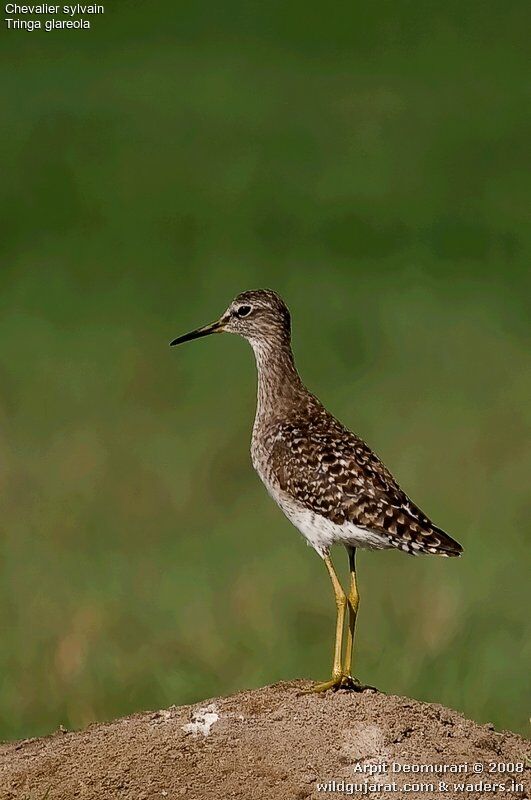 Wood Sandpiper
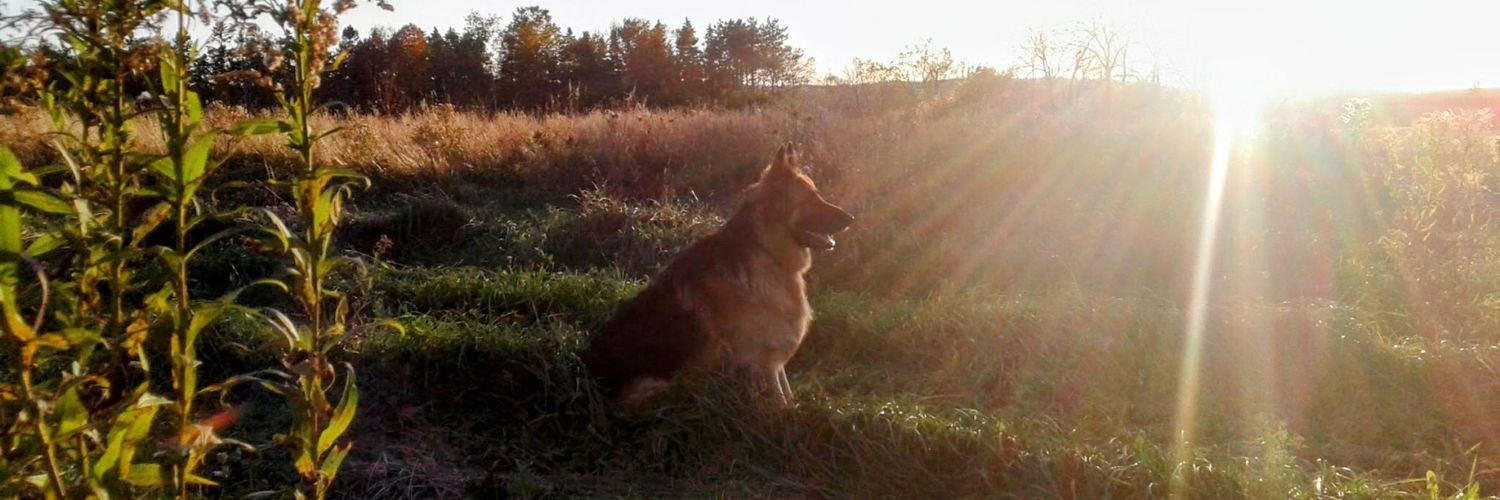 staceywight's profile banner image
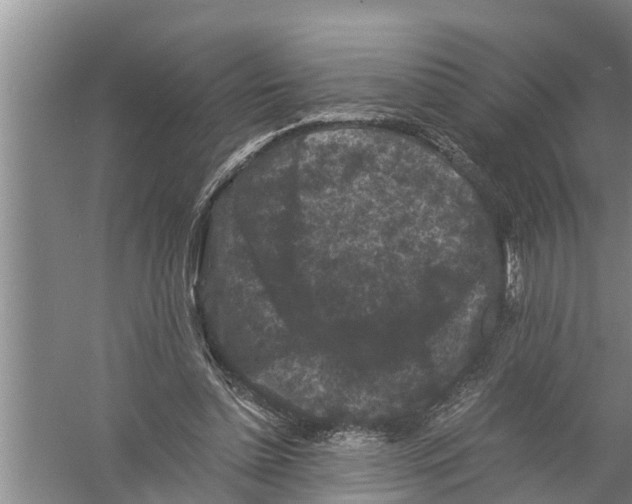 X0000058760348200510281924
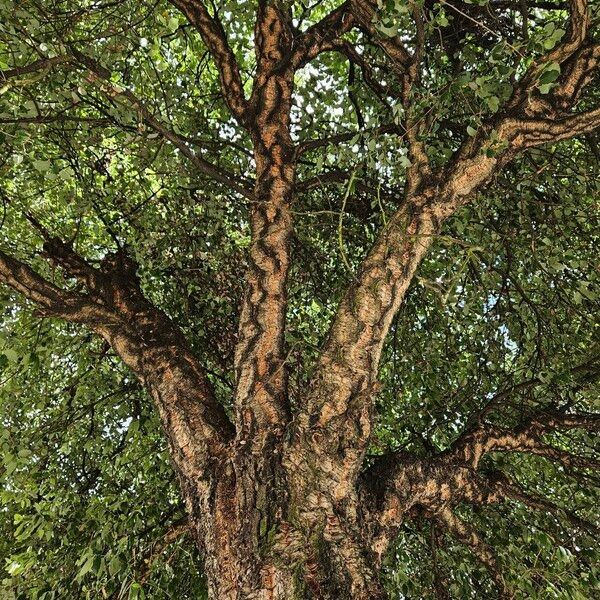 Quercus suber Costuma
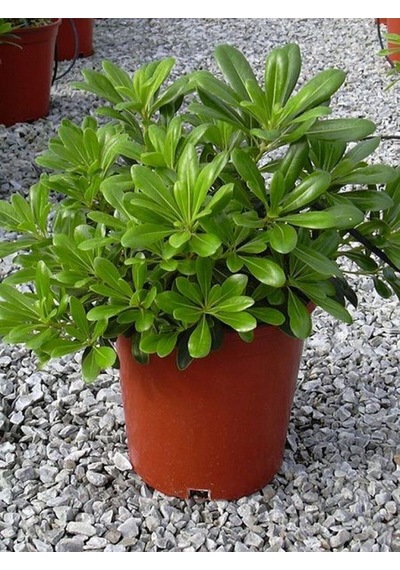 Videolu Pitos Bodur Yıldız Çalısı Fidanı 1 Adet Saksılı/ Tüplü 15-30cm Pittosporum Tobira
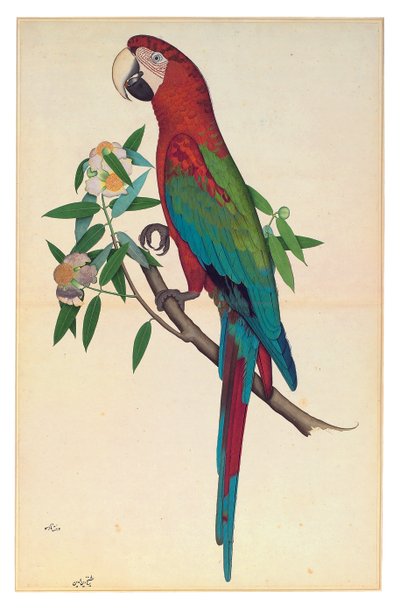 مكاو أخضر الجناح ، حوالي عام 1780 (ألوان مائية غير شفافة على ورق) بواسطة الشيخ زين الدين (ط. 1777-83)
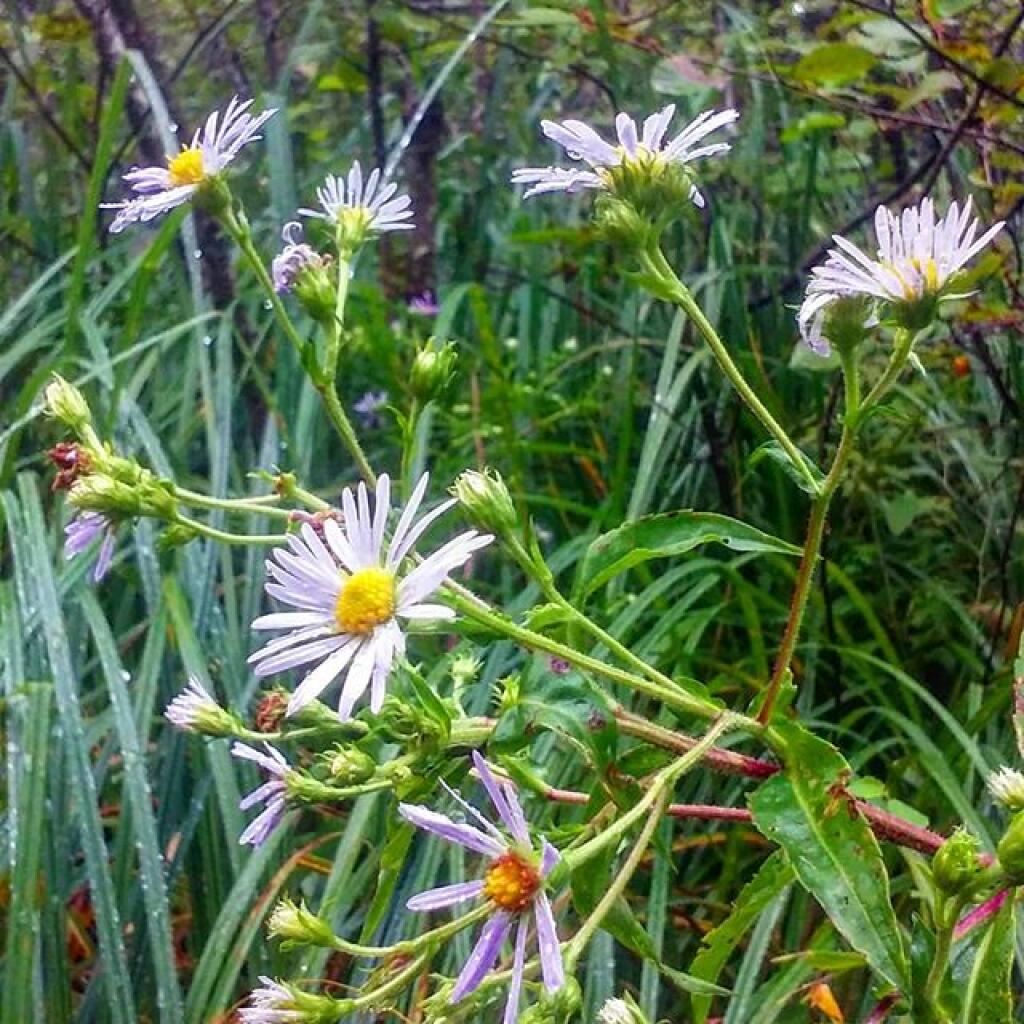 Photo: Color on a rainy day Photo: Color on a rainy day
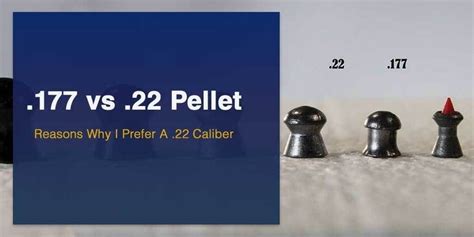 .177 vs .22 Pellet - Reasons Why I Prefer a .22 Caliber | Range targets, Hunting, Long distance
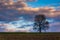 Sunset over a lone tree in a farm field in rural York County, Pe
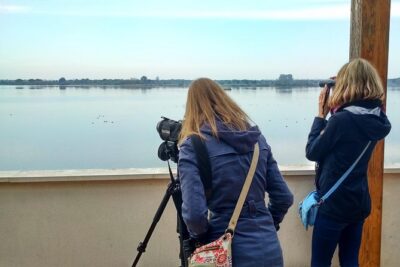 Donana National Park and El Rocío: Private Tour from Seville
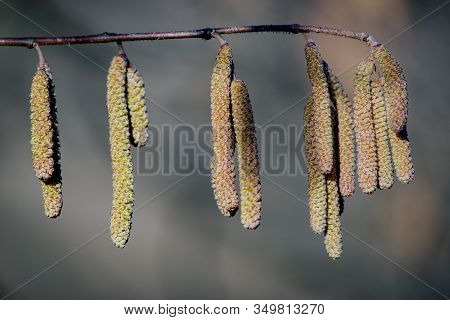 Brown (or Also Amentum) Is An Inflorescence, Where Sessile Flowers Are Crowded On A Spindle.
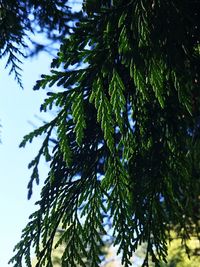 Low angle view of tree branch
----
- _EXERCISE DETAILS_: Word for word, repeat the lines of data above, omitting every picture.

- _TASK ANSWER_:
 Wood Sandpiper
 staceywight's profile banner image
 X0000058760348200510281924
 Quercus suber Costuma
 Videolu Pitos Bodur Yıldız Çalısı Fidanı 1 Adet Saksılı/ Tüplü 15-30cm Pittosporum Tobira
 مكاو أخضر الجناح ، حوالي عام 1780 (ألوان مائية غير شفافة على ورق) بواسطة الشيخ زين الدين (ط. 1777-83)
 Photo: Color on a rainy day Photo: Color on a rainy day
 .177 vs .22 Pellet - Reasons Why I Prefer a .22 Caliber | Range targets, Hunting, Long distance
 Sunset over a lone tree in a farm field in rural York County, Pe
 Donana National Park and El Rocío: Private Tour from Seville
 Brown (or Also Amentum) Is An Inflorescence, Where Sessile Flowers Are Crowded On A Spindle.
 Low angle view of tree branch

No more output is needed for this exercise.